Oh, honey bee, I cannot begin to explain how much I relate to everything you just wrote here. If we lived even somewhat close to one another I would take you out to lunch for your b-day and we could have a total vent fest about our situations to one another. Plus, I would order us not one but two bottles of wine for lunchm or mojitos, your choice, of course. In the mean time, good thing I found it was your birthday because that means I get to go shopping for little something for you tomorrow. Yipppee! Happy almost birthday, lady.

Mandy said...

Crystal, I'm so sorry about all your worries! That is tough on any couple. You guys sound just like us though -- we laugh at our misery and we have that same buffer as well. Still, Kirk and I are so disgusted that we owe taxes this year. It's like we're damned if I work (extra income is nice but we end up in the higher tax bracket) and if I don't work, then we pinch pennies and have no fun. It royally sucks all around sometimes.

Happy Birthday for Monday! I'm having a scope stuck down my throat by a G.I. doctor in your honor! LOL! :-) I hope you have a wonderful, special occasion though. You deserve that. I was going to suggest a picnic as well. Or how about some kind of love scavenger hunt. Have J blindfold you and take you to special places around the city. Sometimes just being out and playing tourist can be fun. Keep it open and spontaneous.... if you feel like stopping in at the corner deli for fresh bread, do it. Or if you want a hotdog from the vendor on the street, do that instead. Just be together and get out and do something, anything! Being with you best friend and husband is all you'll really need to be happy. Plus with his lawyer skills, maybe he can negotiate prices on a meal, piece of chocolate cake or who knows what else! Have a great one girl!

COL said...

I had the same thing happen with the moving companies when I moved to CA. They were 6 weeks late with my delivery. All I had was a suitcase full of about 1 weeks worth of clothes and an air mattress. They were 1 month late when I moved from CA to MI. Not fun. I'd rather do it myself as well!!!!

Hope you have a happy birthday! I'm sure whatever you end up doing will be great! :)

dors said...

oooh....yes, tricky. i am sort of the same. but have you sent your articles to magazines or newspaper? would like to read something as good as this sometimes in one of them.

financial excellence said...

It's tough waiting for the income to come in once he passes the bar. You're doing the right things by cutting back on expenses.
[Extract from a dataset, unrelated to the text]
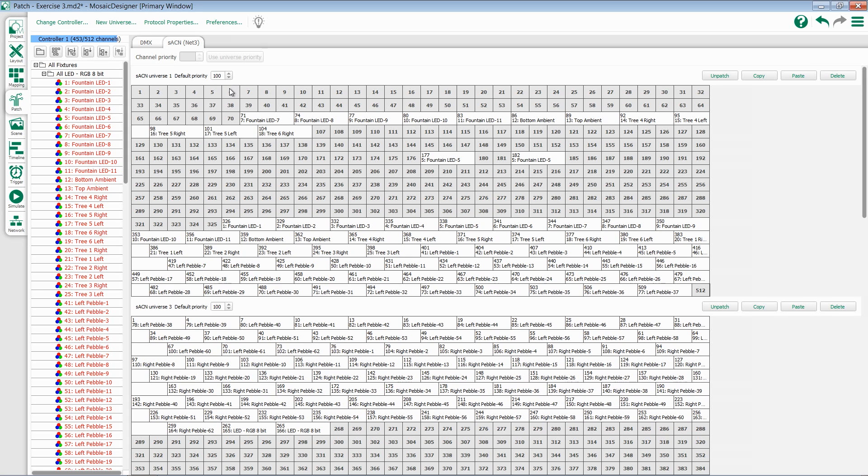If I want to set this on a channel level, I can select the channel and set its priority at the top. If I change this to be anything different than the universe priority, I have the option to take it directly back to the universe priority.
Make sure you start with a new spending plan each month to tell your money what to do so you don't have any impulse buys or other surprises.

I have some free spending plan (budgeting) forms on my website that are a good place to start. Try them at http://www.financialexcellence.net/resources/free-resources.
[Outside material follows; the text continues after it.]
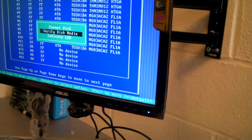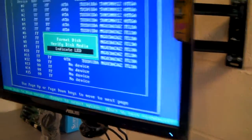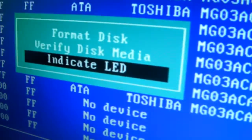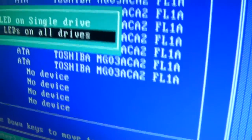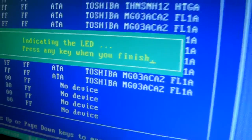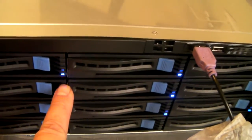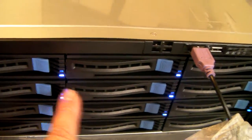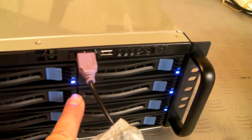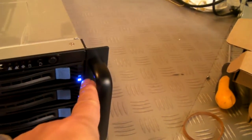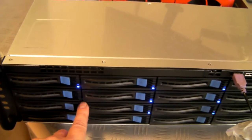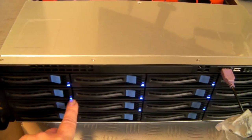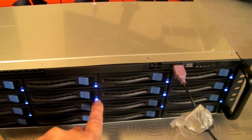And I can indicate on all drives just to make sure there's no problem connecting between the HBA card in this case and the drives themselves.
Best wishes and happy b-day!

Amanda said...

i say go out for your birthday and spend less than $60... either skip food or skip drinks but have fun!! or sneak a flask to the restaurant/bar... i'm in a money situation too and it REALLY sucks but you can still have fun, and SHOULD have fun on your birthday

and on a good note... j is going to be a lawyer and you're going to be a famous author so in a few years you'll be rolling in money!!

Amanda said...

and as for the uhaul i say sell all your shit and buy new when you get there!

Amanda said...

and my last thing to say... you need to make good friends with a bartender and then you can go out and spend like $7 a night for $500 worth of alcohol haha

Maritza said...

Crazy work week (week and weekends, actually) has left me a bit behind, so please excuse this late comment. Just hold on for a bit longer - you both are so hardworking that it will work out. I know cuz you'll make it work out the way you want it to. =) Moving back to CA and near family will help out too. ;)

If I could, I would take you out for your birthday, but since I can't, very many happy and worry-free (early) birthday wishes to you and many hugs too!

Andi said...

I have to say we are feeling similar pinches here too. On my to do list today is going through the grocery ads to make my list. Thank goodness I've been super frugal for the last 10 years of my life, no thanks to credit cards. That cleanup wasn't fun -- to say the least!

Things can only get better for you two, I know they will! It's just a dip in the road to living your dreams!